Bostan

ALT-2

Yazar
Zümrüt Caferoğlu

Kategori
Şair

Haziran & Temmuz 2025 - Sayı 9

Bu sunum, Şeyh Sâdî-i Şîrâzî’nin “Bostan” adlı eserinde işlenen “tevazu” ve “şükür” kavramlarını merkeze alarak, ahlaki öğretiyi çözümlemektedir. Eserin 5000 beyitlik hacmi; tasavvufi, siyasi ve ahlaki mesajları hikâyeleştirerek aktaran bir öğreti metni olarak değerlendirilir. Sâdî’ye göre tevazu, toprağın yaratılıştaki konumu gibi yumuşak ve alçak gönüllü olmaktır; şükür ise nimete karşı gösterilen gönül razılığı ve eylemli minnettarlıktır. Sunum, bu iki değeri hem anlatılarla hem de şiirsel örneklerle somutlaştırmakta; bireysel arınma ve toplumsal uyum arasındaki ilişkiyi tartışmaktadır. “Güzel huyluluk” ve “insanî edep” kavramlarının birey-toplum bütünlüğü açısından önemi vurgulanmaktadır.

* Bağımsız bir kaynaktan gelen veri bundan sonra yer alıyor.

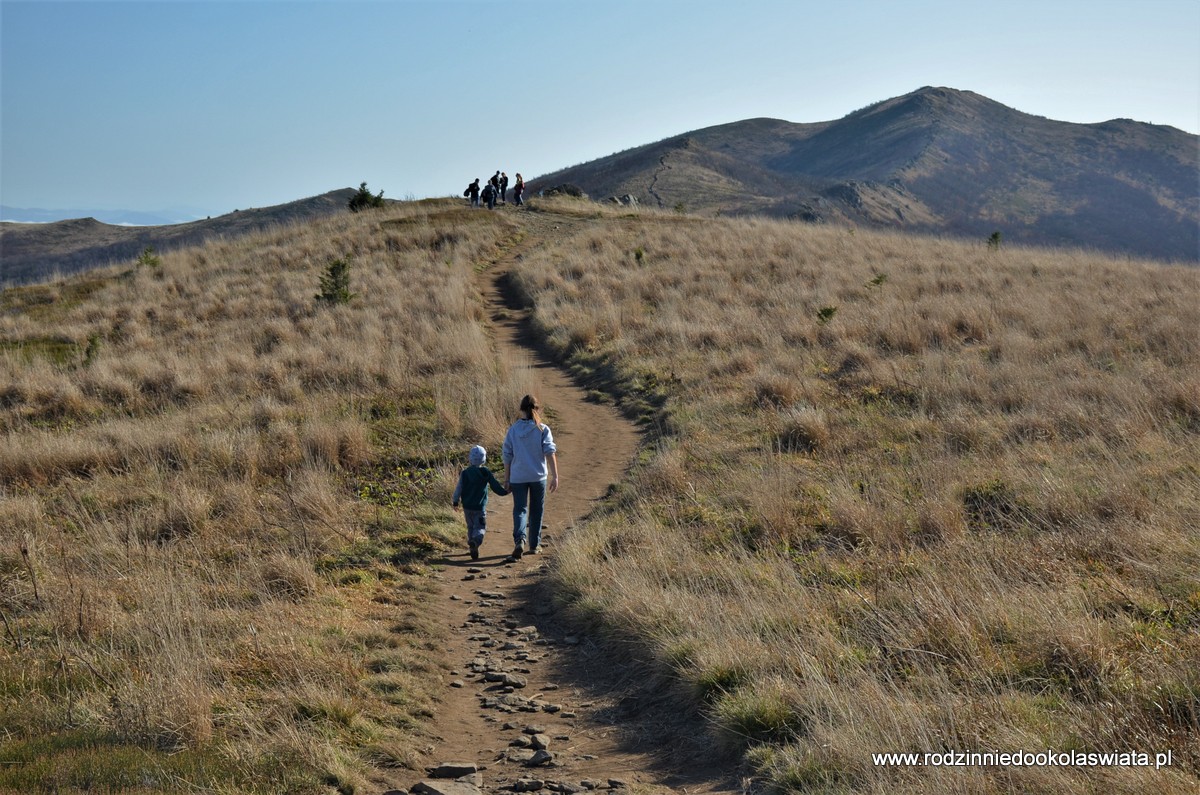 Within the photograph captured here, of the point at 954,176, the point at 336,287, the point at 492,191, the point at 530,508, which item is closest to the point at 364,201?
the point at 492,191

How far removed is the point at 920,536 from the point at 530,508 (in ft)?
13.7

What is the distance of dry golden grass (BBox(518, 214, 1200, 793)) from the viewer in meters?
3.98

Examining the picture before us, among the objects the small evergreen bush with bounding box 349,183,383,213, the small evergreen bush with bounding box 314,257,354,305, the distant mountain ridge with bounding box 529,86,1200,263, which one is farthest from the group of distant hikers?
the distant mountain ridge with bounding box 529,86,1200,263

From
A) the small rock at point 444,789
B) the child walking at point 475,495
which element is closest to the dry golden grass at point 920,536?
the child walking at point 475,495

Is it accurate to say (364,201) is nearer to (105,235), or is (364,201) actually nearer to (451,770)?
(451,770)

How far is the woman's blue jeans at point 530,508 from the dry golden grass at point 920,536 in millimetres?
697

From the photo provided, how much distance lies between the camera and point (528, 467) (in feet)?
29.8

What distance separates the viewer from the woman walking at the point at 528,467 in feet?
29.9

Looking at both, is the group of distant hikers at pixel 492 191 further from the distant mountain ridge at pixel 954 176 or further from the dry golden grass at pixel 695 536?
the distant mountain ridge at pixel 954 176

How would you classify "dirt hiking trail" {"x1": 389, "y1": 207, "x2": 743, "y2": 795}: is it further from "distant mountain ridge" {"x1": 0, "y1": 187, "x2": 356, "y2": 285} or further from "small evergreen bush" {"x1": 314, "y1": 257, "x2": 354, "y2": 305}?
"distant mountain ridge" {"x1": 0, "y1": 187, "x2": 356, "y2": 285}

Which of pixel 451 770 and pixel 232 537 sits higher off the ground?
pixel 232 537

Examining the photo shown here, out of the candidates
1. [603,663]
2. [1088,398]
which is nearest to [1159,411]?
[1088,398]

ŞEYH SADİ ŞİRAZİ’NİN VASİYETİ

Bizim toprağımıza, mezarımıza uğrayan ziyaretçiler: Azizlerin toprağı için olsun, şu söyleyeceğim sözleri hatırlayın: Sâdî, toprak olmuşsa da ne beis var. O, zaten sağlığında da topraktı. Sadi, rüzgâr gibi dünyayı dolaştıysa da nihayet kendisini kara toprağa teslim etti. Çok geçmeden toprak onu yiyecek; sonra da rüzgâr o toprakları dünyanın her tarafına savuracaktır. Mana Gülistanı açıldı açılalı hiçbir bülbül Sâdî kadar güzel terennüm etmemiştir. Böyle bir bülbül ölür de toprağından gül bitmezse, hayret ederim.» Şeyh Sâdî ŞİRAZİ (ŞİRAZİ 1980, 2).

Şeyh Sadi ŞİRAZİ, aşağıdaki şiirinde, “Bostan”ı yazmaya başlamadan önceki yaşadıklarını yazmaya, mübarek bir zamanda, iki bayram arasında, 1257 yılında incilerle dolu bu hazineyi okuyucularına kazandırdığını, aşağıdaki şiiri ile dile getirmektedirler.

«Bostanın anlamı: Güzel kokulu çiçek bahçesi, gül bahçesi, güzel kokular yeri, çiçeklik ve çiçek bahçesidir.»(Çetin KASKA 2019, S.3-4)

TEVAZU DOST İÇİN DÜŞMAN CEFASINI ÇEKMEK

«Sâdî gibi kalbi temiz birisi bir güzele âşık olmuştu. Rakiplerinden türlü cefalar, sitemler çekerdi. Top gibi mihnet çevgânından kurtulamazdı. Zavallı âşık rakiplere kaşını çatmazdı. Onların öfkelerini, sitemlerini şakaya vururdu. Dostlarından birisi onu kınadı: «Yahu» Hiç sende âr, namus yok mu? Bu kadar sitem, hakaret görüyorsun, bunlardan müteessir olmuyor musun? Düşmanın kabahatini affetmeye gelmez. Sonra hakkında âciz, biçare, miskin, derler. Böyle yaşamak mı istiyorsun?» dedi. Bu sözleri işiten âşık ne güzel cevap verdi. Öyle bir cevap ki, altın ile yazılmaya değer: «Gönlüm yârin sevgisiyle o derece doludur ki, oraya kin sığmaz.» (ŞİRAZİ 1980, 187)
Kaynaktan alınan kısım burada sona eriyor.